October 06, 2011  •  Leave a Comment

I just returned from a vacation and photography trip to Hawaii where I took over 2 thousand images.  Most were on the Big Island and a fair number on Kauai.  It will be weeks before I'm caught up and can edit the selections. With each trip to the Big Island I hope to be able to fill my camera frame with red lava from Kilauea.  Either dripping into the ocean or bursting forth like a fountain.  Kilauea has been somewhat active this year, but unfortunately not that much while I was there.  There was a small spill out from the Pu'u'o'o vent, but the only way to see it was from a helicopter.  It didn't seem spectacular enough to justify the added expense.  Instead, we went to the Jagger Museum lookout at sunset and stayed for a couple of hours shooting the glowing crater.  

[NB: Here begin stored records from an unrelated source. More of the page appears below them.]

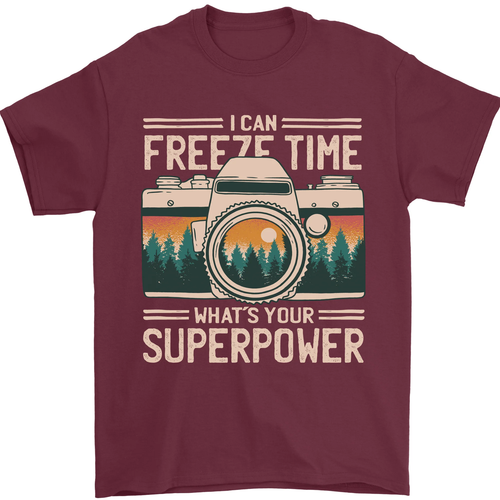 Freeze Time Fotograf Fotografie Herren T-Shirt 100% Baumwolle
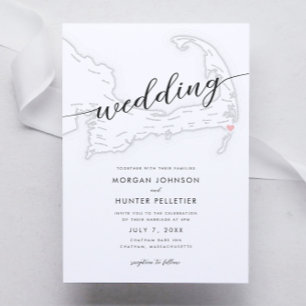 Minimal Modern Chatham Bars Inn Wedding Invitation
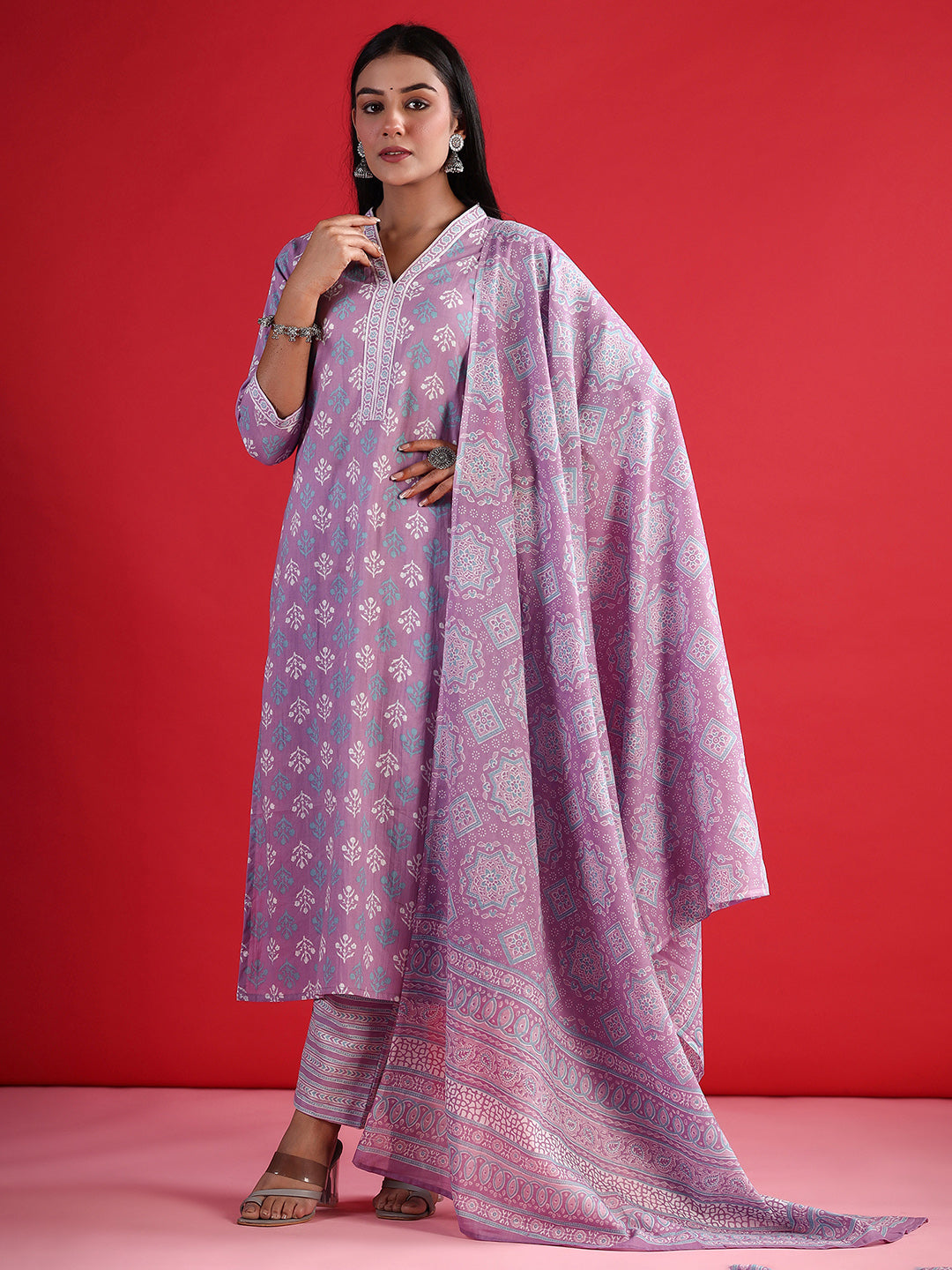 Indo Era Lavender Printed Straight Kurta Trousers With Dupatta set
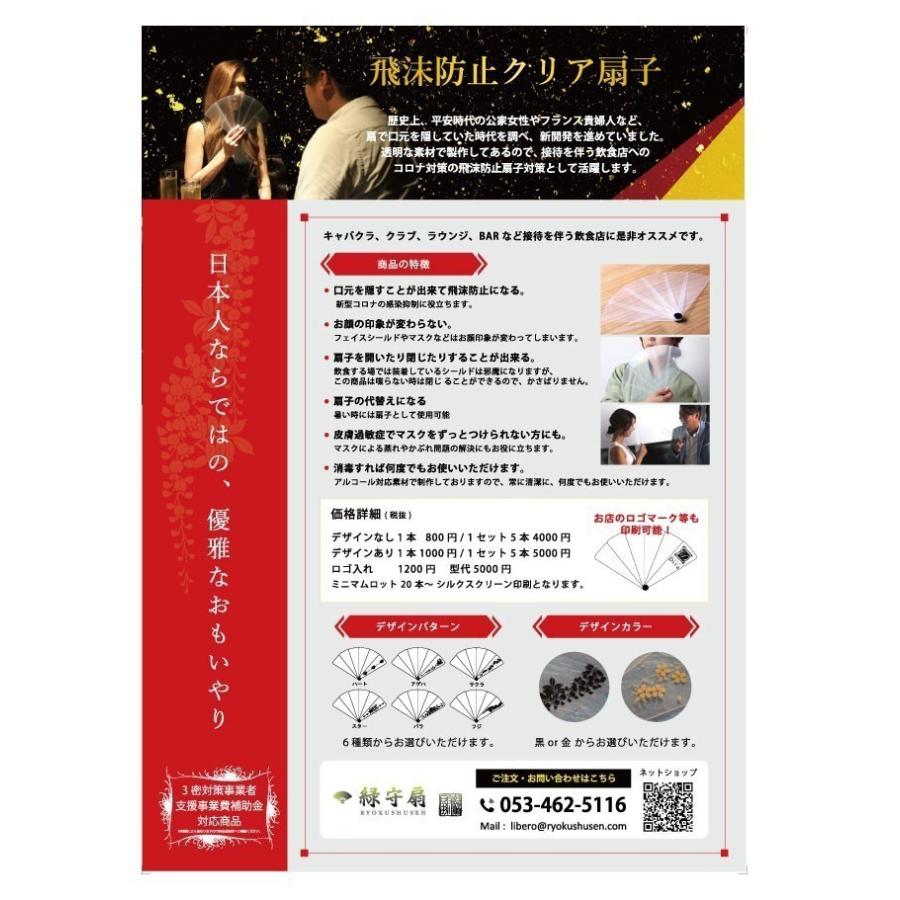 ロゴ入り透明扇子 100本 ※店舗・会社のロゴが入ります 型代込（コロナ対策グッズ フェイスシールド 扇子 マスク 飛沫防止クリア扇子） |  | 02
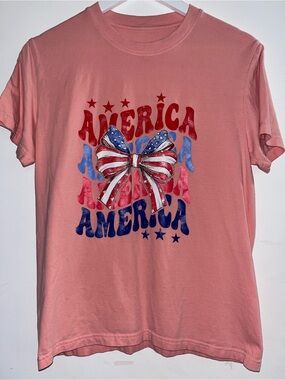 Women’s ‘America' Graphic T-Shirt with Flag Bow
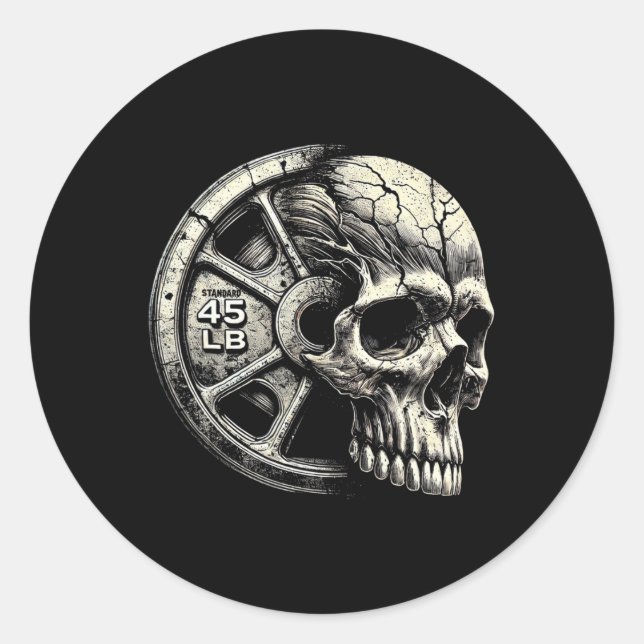 Pegatina Redonda Gimnasio Halterofilia de 45 libras Placa Guay Func (Anverso)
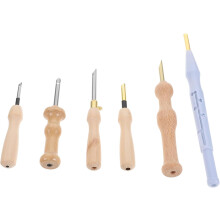 6-teiliges Punch-Needle-Filzset mit Holzgriffen, 3,5 mm und 5 mm Nadeln aus Edelstahl und Kupfer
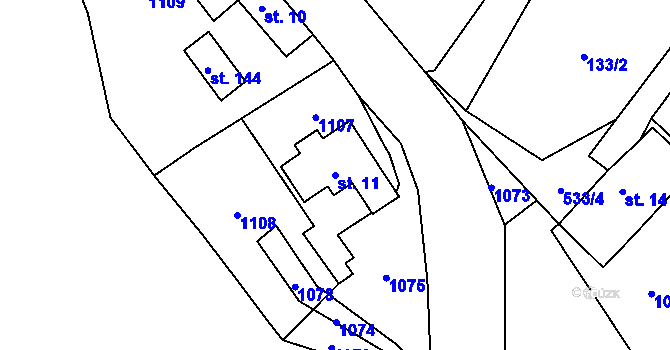 Parcela st. 11 v KÚ Horní Dehtov, Katastrální mapa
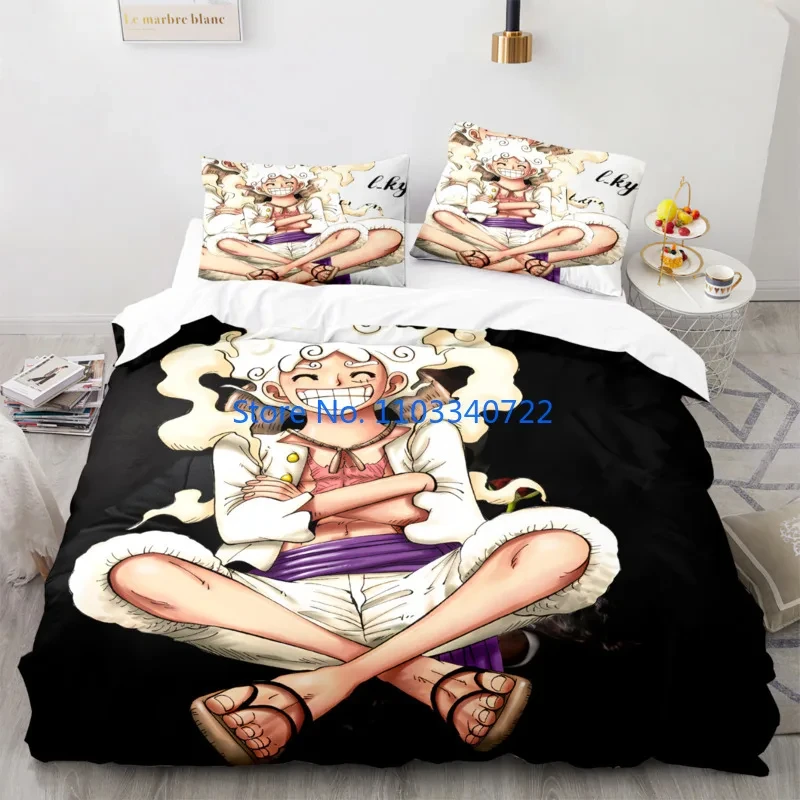 Anime One-Pieces Bedding Set Cartoon Nika Luffy Gear 5 Duvet Cover Quilt Bedclothes Children Kids Bedroom Twin Single Size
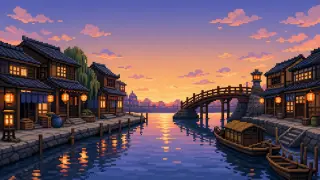 Pixel-art imaginary scene of Asakusa Kannon, Sanja-sama, and Rokku reveal how a temple, shrine festival, and entertainment district shaped the town
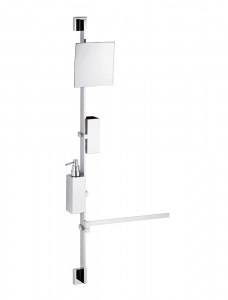 6172 Bellosta Rubinetterie НАСТЕННЫЙ КОМПЛЕКТ С ЗЕРКАЛОМ, ПОДСТАКАННИКОМ, ДОЗАТОРОМ И ДЕРЖАТЕЛЕМ ДЛЯ ПОЛОТЕНЦЕВ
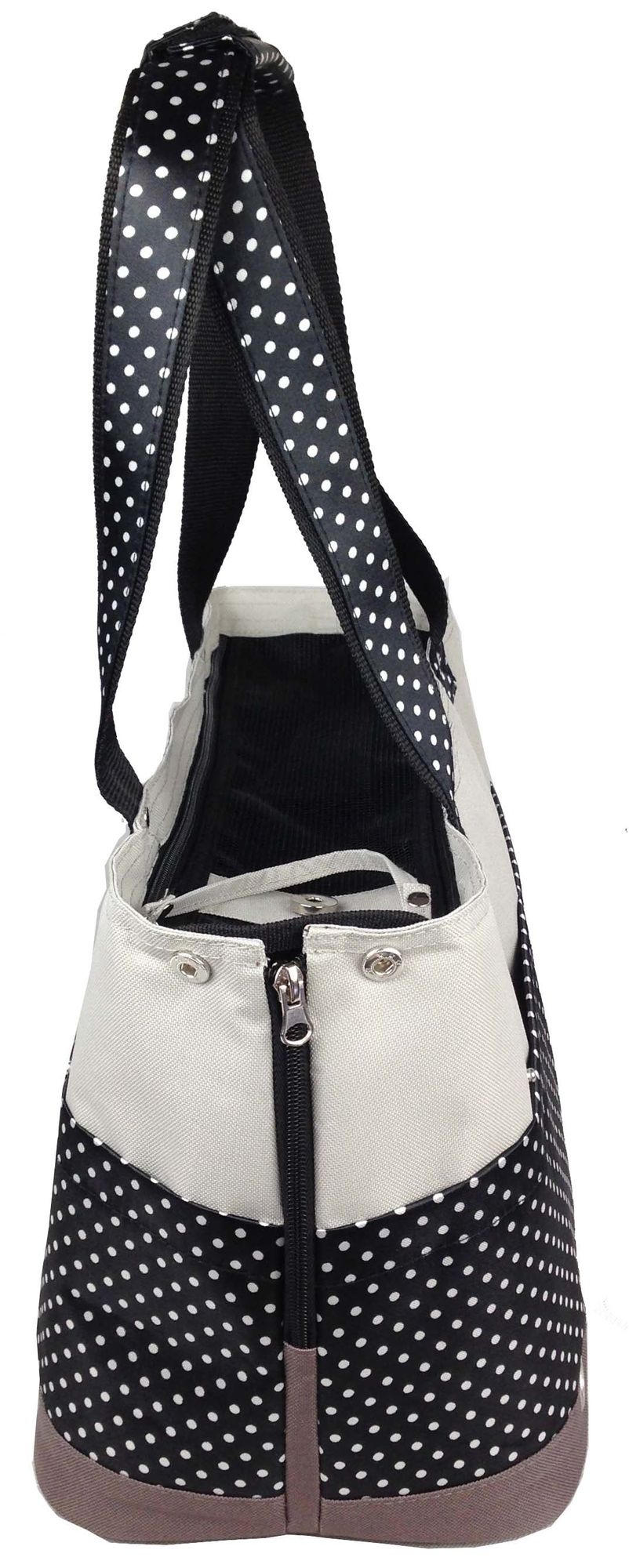 Polka-Dot Pet Tote with Mesh Top - View 4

The caldera floor was filling with lava giving off a bright orange glow.  Since it was a moonless night, I was rewarded with a beautiful view of the southern Milky Way when the clouds parted for several minutes.  I had already planned on shooting the Milky Way while in Hawaii since there is little light pollution and the skies there are nice and dark. I was able to balance the foreground light of the Kilauea caldera and still capture the Milky way in the sky.  I had recently read about a recommended formula for determining how long I could leave the shutter open before star trails would become apparent: Start with the number 700 and divide it by the focal length of the lens.  In my case, it was: 700/24mm=29.17 seconds.  I went for an even 30 seconds with my lens wide open at f/2.8 and an ISO set to 1600 on my Nikon D700. After downloading the raw file to my computer, I adjusted the white balance a bit to take some of the magenta out of the sky, performed a slight amount of noise reduction, and then used a curve adjustment to strengthen the contrast a bit. If you plan a visit to the Big Island of Hawaii, be sure to set aside a day for a visit to Volcano National Park and stay after sunset for some of the best views.  Don't forget to take some warm clothes as it can get chilly in the park which is some distance above the normally warm beaches.  In addition to some charming bed and breakfast places in nearby Volcano Village, it is a special treat to stay at Volcano House, the lodge inside the park run by the National Park Service.  We stayed there two years ago and can confidently recommend a stay there.  It offers great views, good food and a cosy relaxing setting.  This year it was closed due to the the proximity of high levels of poisonous gases escaping from around the caldera which could cause health problems for guests if the winds shift in the direction of the lodge especially during the night while everyone is asleep. Over the next few weeks I'll try to get some more of my Hawaii pictures into the Gallery section. Aloha!